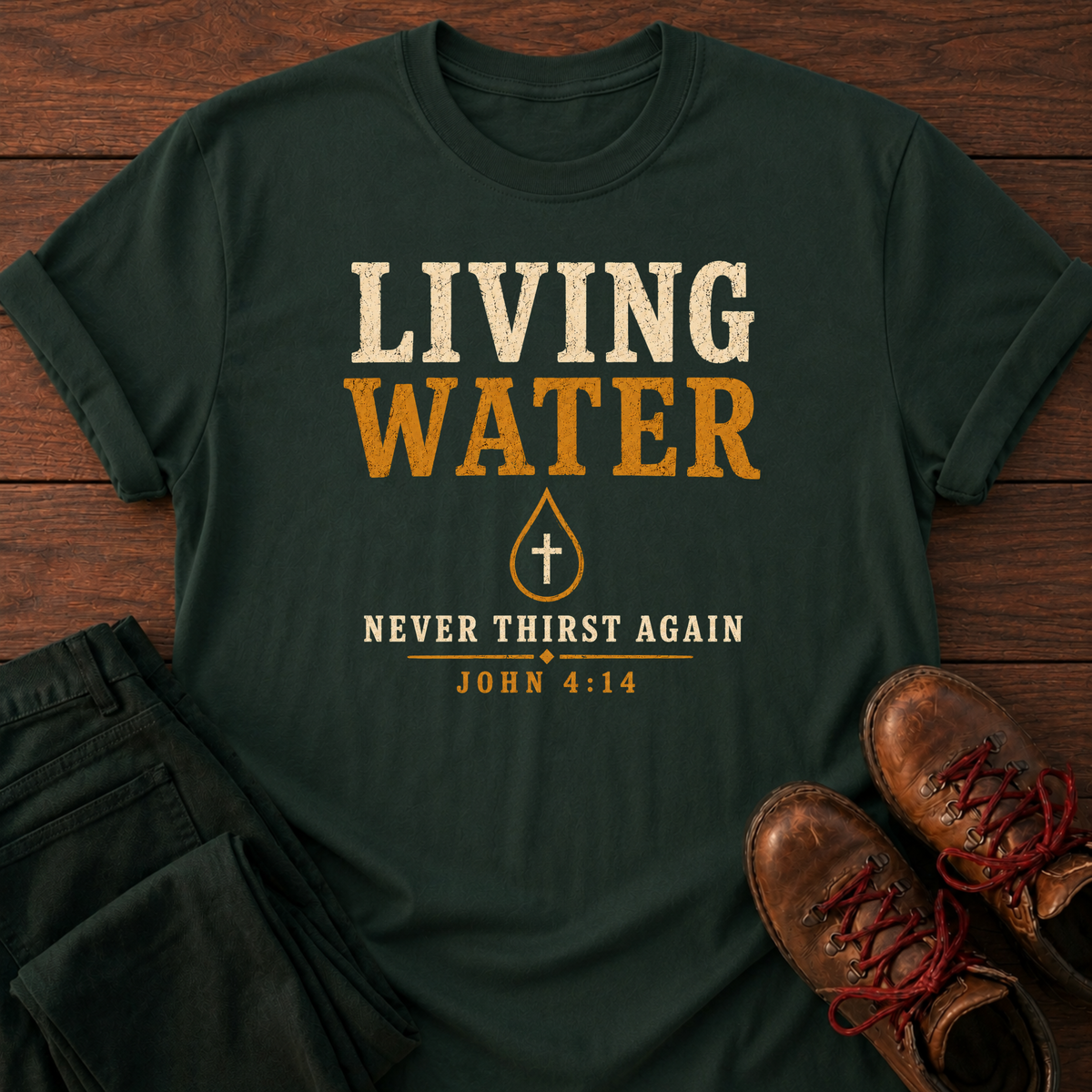 Living Water T-Shirt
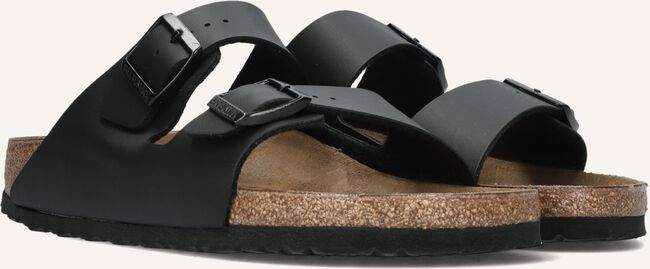 Zwarte BIRKENSTOCK Slippers ARIZONA HEREN Zwarte BIRKENSTOCK Slippers ARIZONA HEREN - large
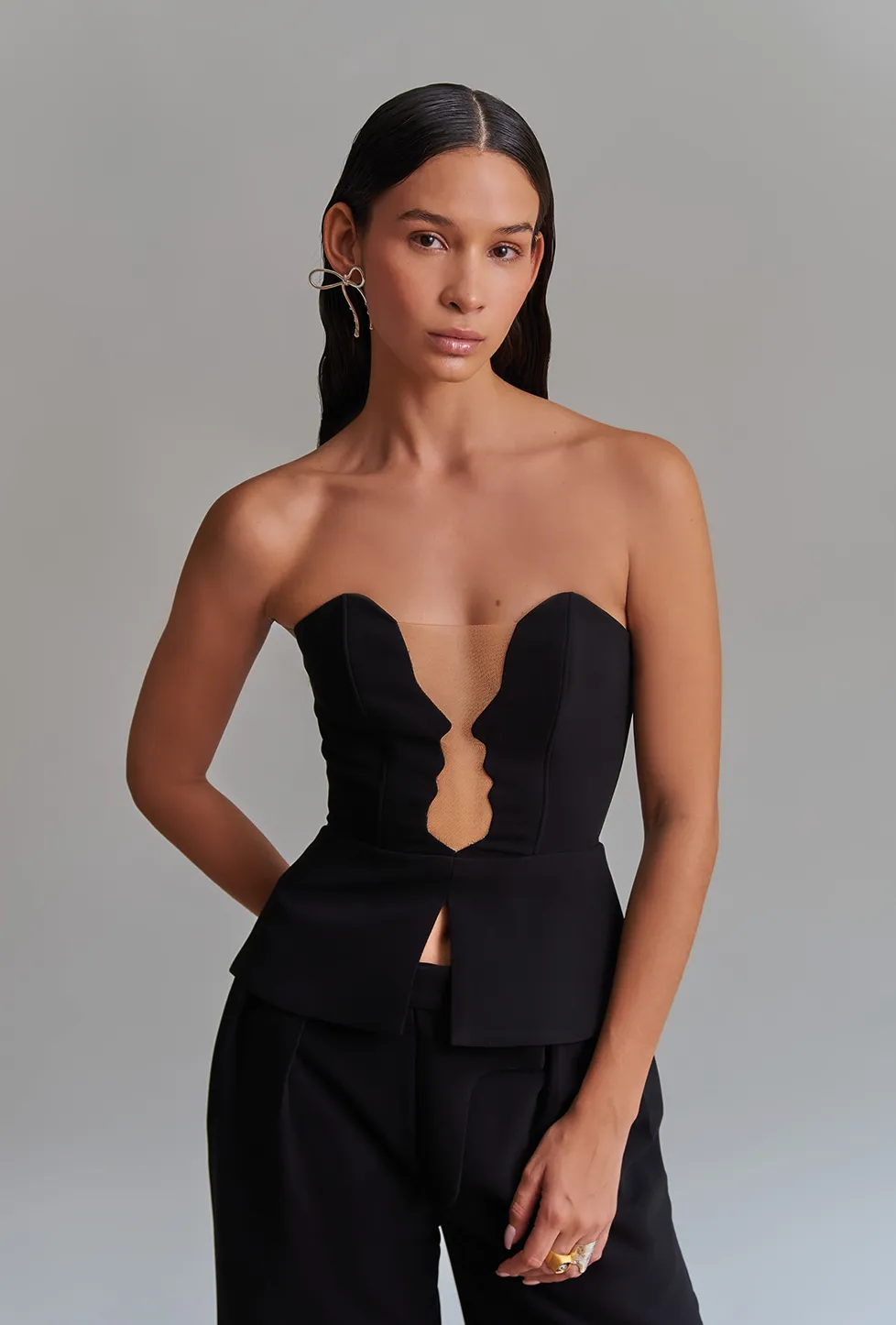 Profile Top sold by Alejandra de Coss product image thumbnail 2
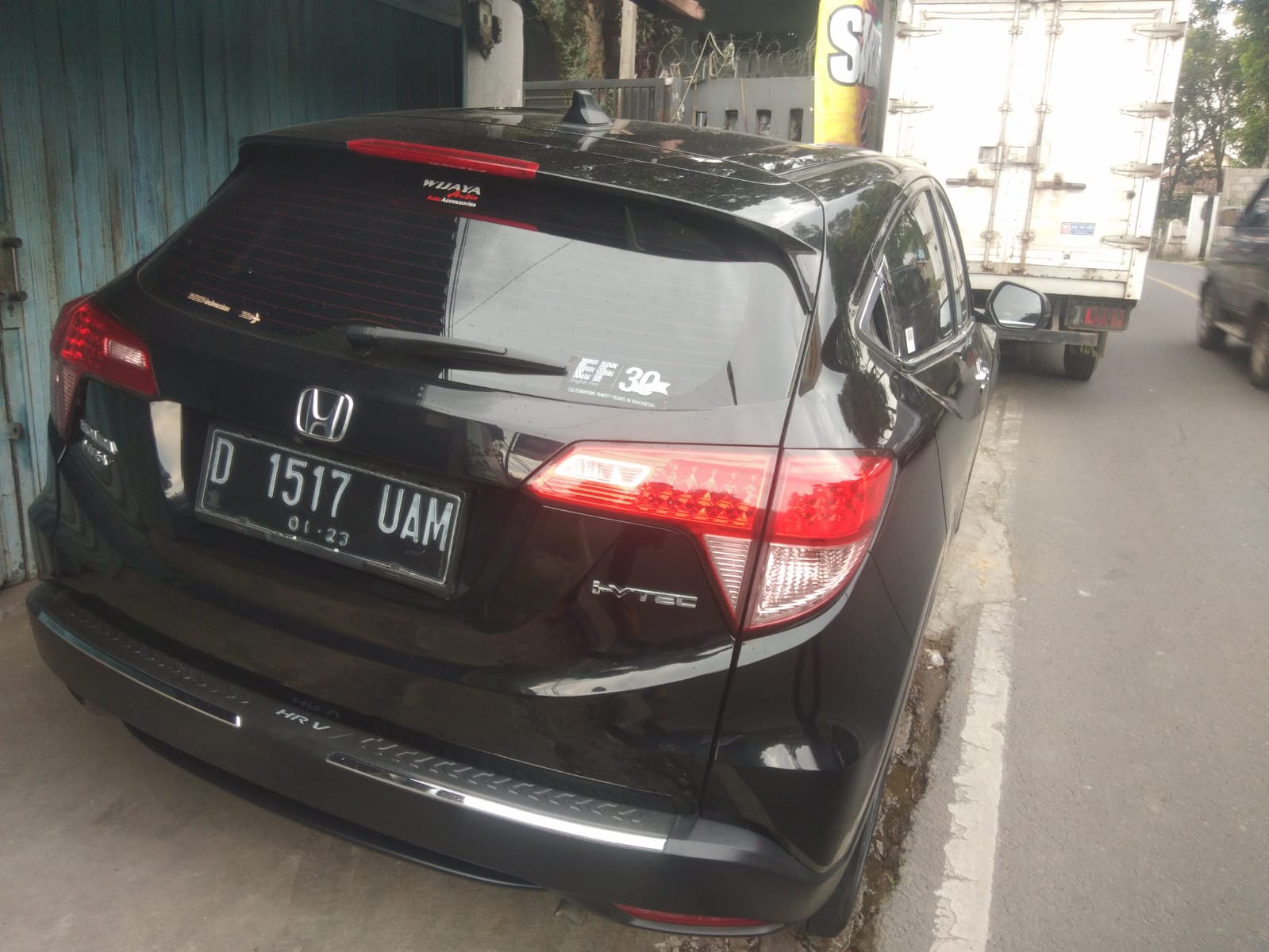 2017 Honda HRV  1.5 E AT 2017 Honda HRV  1.5 E AT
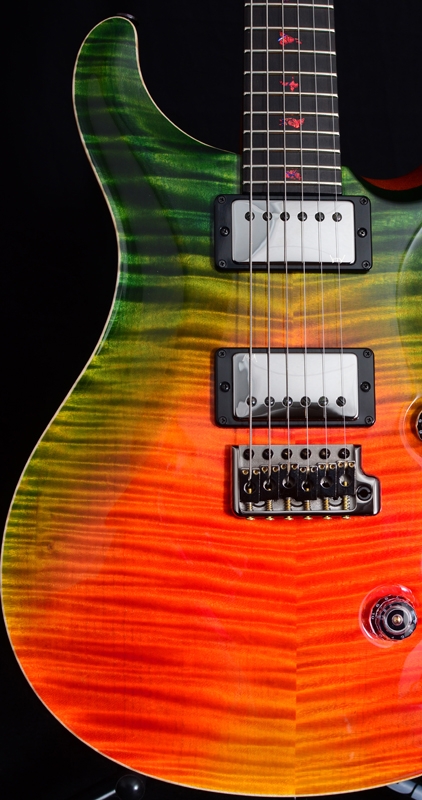 PRS Private Stock Custom 24 - Venus Flytrap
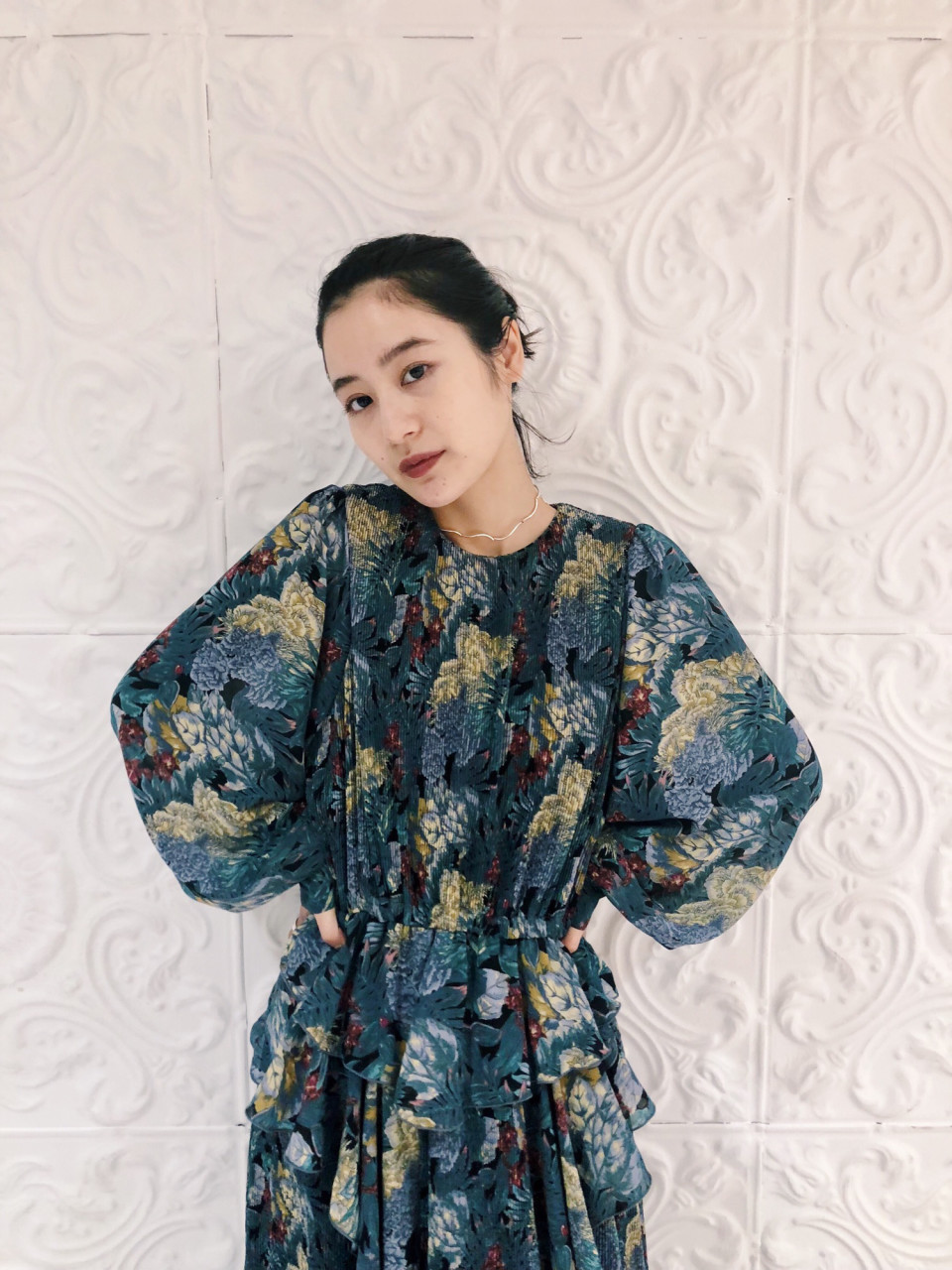 Capsule Collection🌹 KANA | MOUSSY 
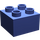 Duplo Violet Brick 2 x 2 (3437 / 89461)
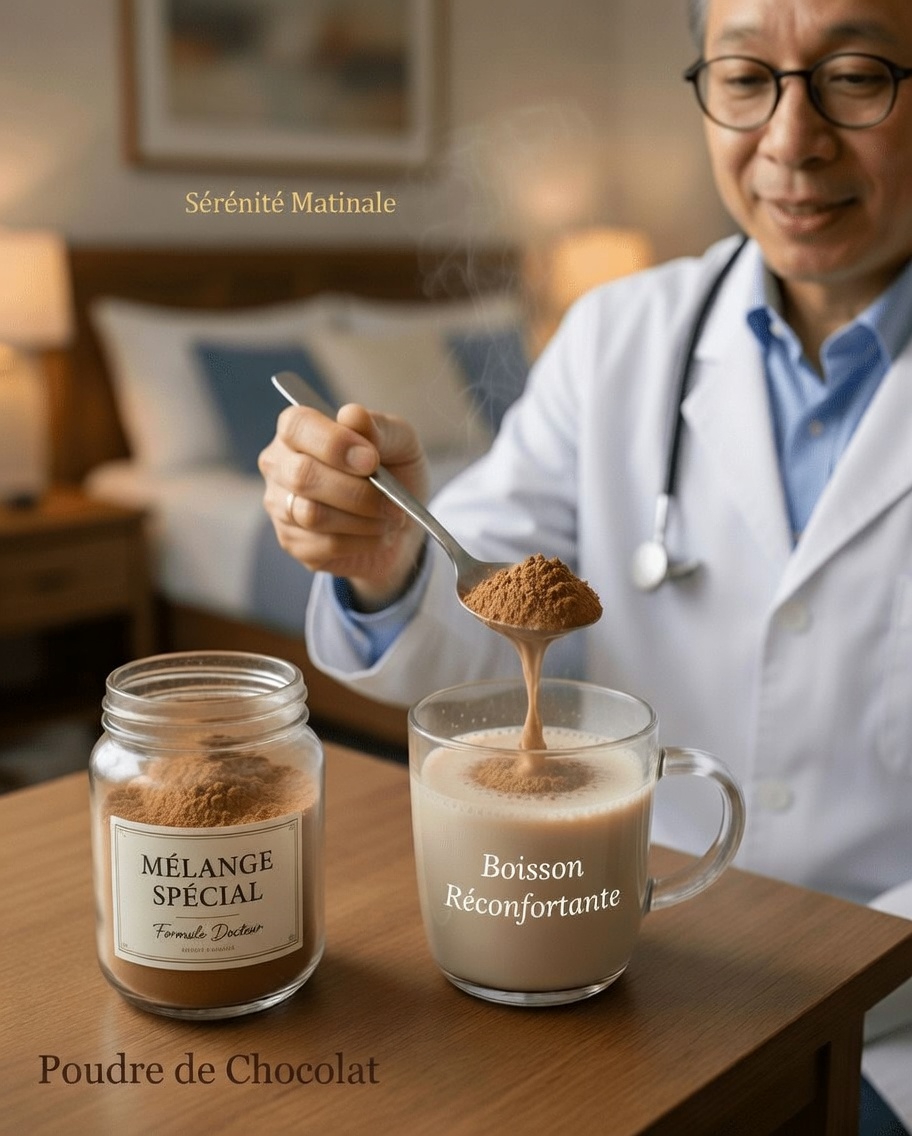 Découvrez ce que les personnes de plus de 60 ans ajoutent avant de se coucher pour soutenir naturellement la santé de leurs yeux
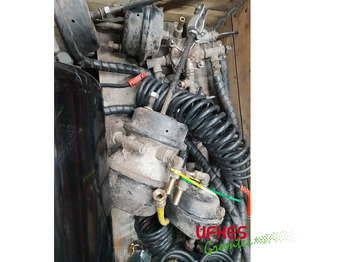 أجزاء الفرامل - الآلات الزراعية Wabco T24/30: صورة 3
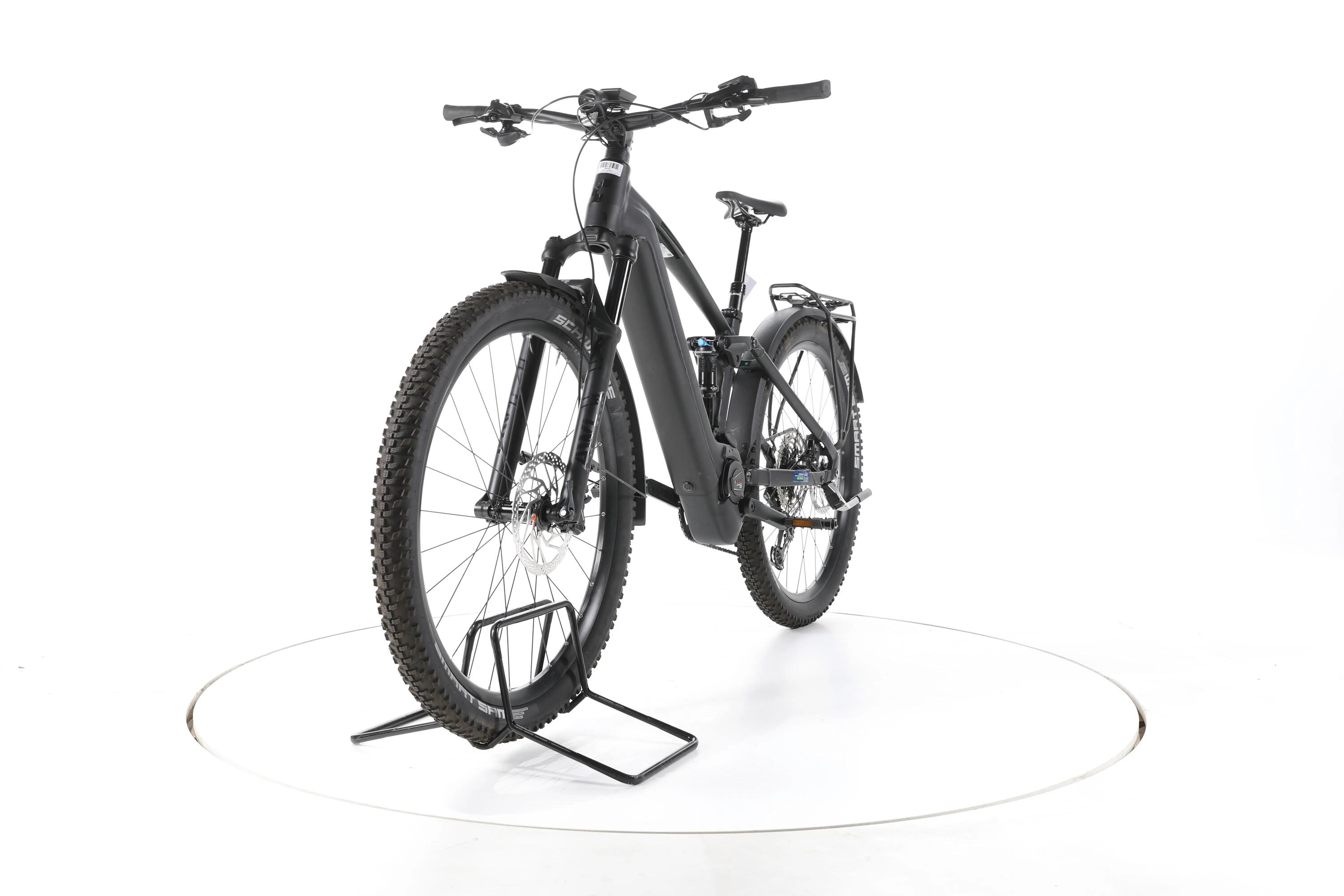 Ebike ricondizionata · Cube Stereo Hybrid 120 SLX Allroad · Ottime condizioni 4/7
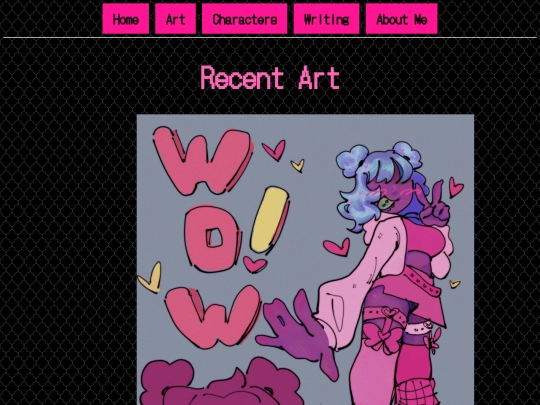 Art screenshot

────

(What you should do):
Without the pictures, write out every entry exactly as it appears.

(Response to the task):
 Living Water T-Shirt
 Zwarte BIRKENSTOCK Slippers ARIZONA HEREN Zwarte BIRKENSTOCK Slippers ARIZONA HEREN - large
 Profile Top sold by Alejandra de Coss product image thumbnail 2
 2017 Honda HRV  1.5 E AT 2017 Honda HRV  1.5 E AT
 PRS Private Stock Custom 24 - Venus Flytrap
 Capsule Collection🌹 KANA | MOUSSY 
 Duplo Violet Brick 2 x 2 (3437 / 89461)
 Découvrez ce que les personnes de plus de 60 ans ajoutent avant de se coucher pour soutenir naturellement la santé de leurs yeux
 أجزاء الفرامل - الآلات الزراعية Wabco T24/30: صورة 3
 Ebike ricondizionata · Cube Stereo Hybrid 120 SLX Allroad · Ottime condizioni 4/7
 Art screenshot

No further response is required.